Monday, December 21, 2020
Over the weekend, Franklin Graham tweeted that, because President Trump has been proven right in the past, if he claims that the election was rigged or stolen, Graham believes him. This tweet was an insightful but troubling distillation of the cultural cognition work that Dan Kahan has been doing for years. Kahan explains that our debate over climate change, for example, “isn’t about what you know . . . it’s about who you are.” On many of our hot-button issues, people aren’t “thinking about the arguments,” they’re “thinking about which side they’re on.”
The journey of the white evangelicals who look to Graham for leadership has been remarkable over the past four years, moving – in very broad terms – from a “we have to vote for Trump because he’s not Hillary,” to more enthusiastic support that looks beyond character issues because of Trump's policy positions, to a wholehearted reliance on Trump's character (trustworthiness) even when there is no evidence to support his claims. This trajectory – tribe over facts – is not limited to white evangelicals, of course. I recently asked a circle of friends, all of whom are full-throated opponents of President Trump, if they could cite one positive policy or practice that had been implemented by this administration. Total silence, followed by protestation of my question’s premise. The sides have been chosen, and that’s the choice that matters.

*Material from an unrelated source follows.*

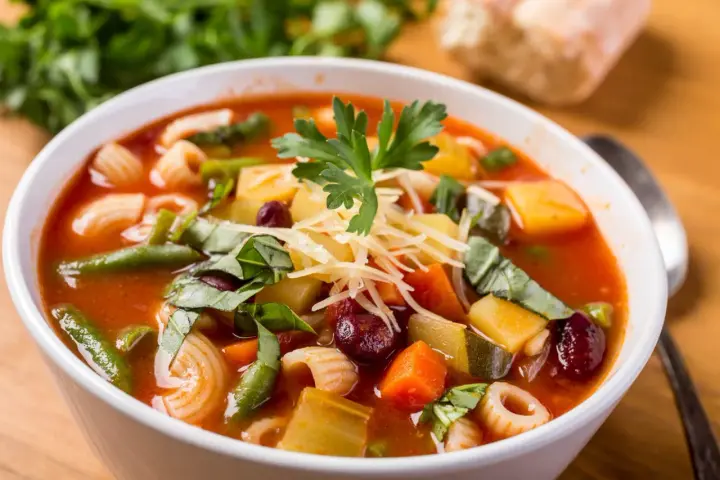 A miseczce aromatyczna zupa minestrone, oryginalny przepis z makaronem, fasolką, ziemniakami i startym parmezanem.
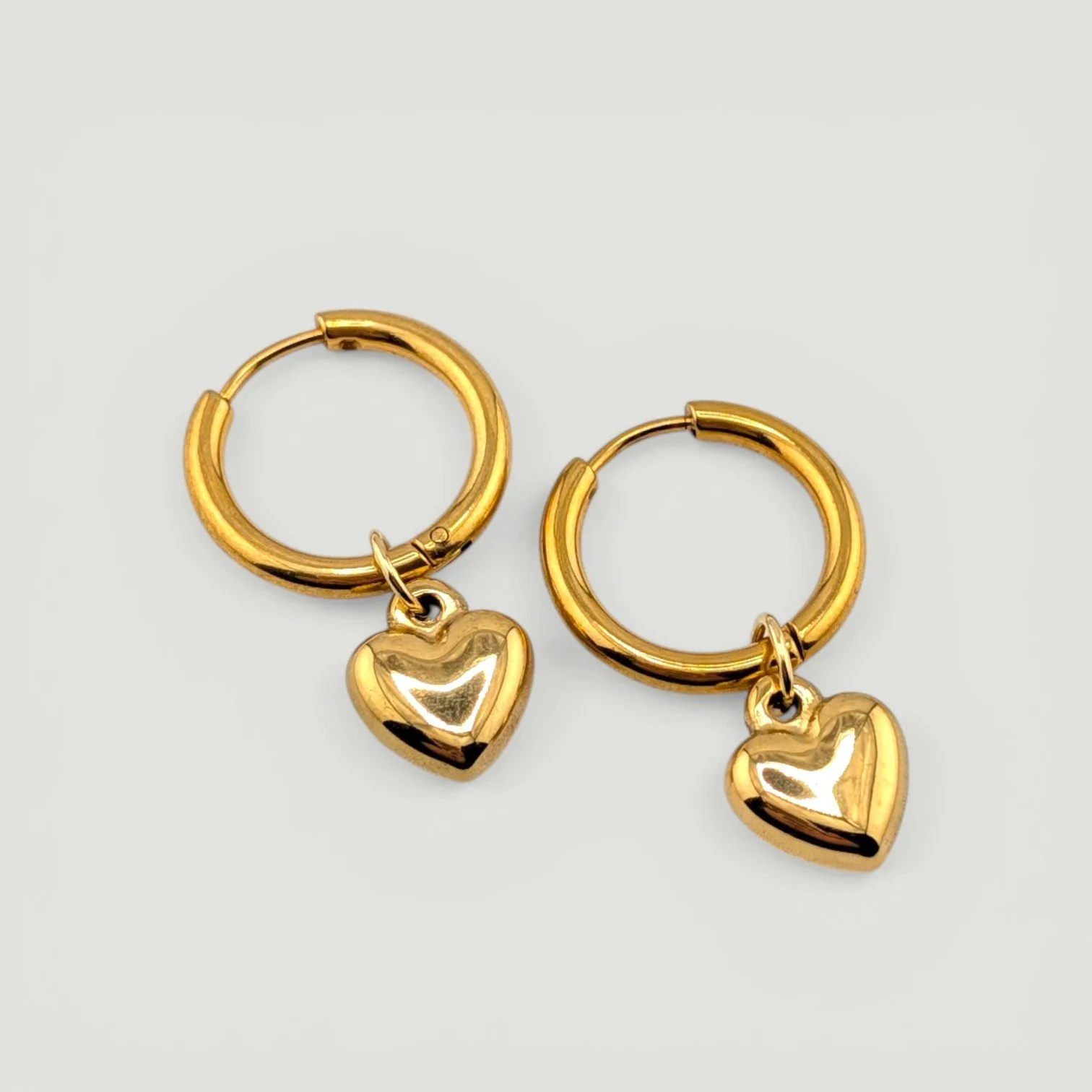 gold puffy heart huggie hoop earrings hanging on an earring stand, showing full shape and shine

This is not going to end on January 20. President Trump is a powerful accelerant, but not the source. I believe that this is the most pressing challenge we face as a nation, not only because our tribalism is preventing the flourishing of human relationships near and far, but because it makes political collaboration on the many other challenges we face exceedingly difficult. What does Catholic social teaching have to offer at this time? Yes, CST offends both tribes because of the substance of the Church's truth claims. But what does it have to say about our rapid retreat from the world of factual analysis into a cultish tribalism? The social scientists have plenty to say, but what about the Church? If the bishops’ contributions to our national political discourse over the next four years does not include the dangers of tribalism as a focal point, that will be an opportunity lost. Let’s start at a very practical level: if a pastor were to recognize the problem and decide to preach on growing American tribalism, what should he say?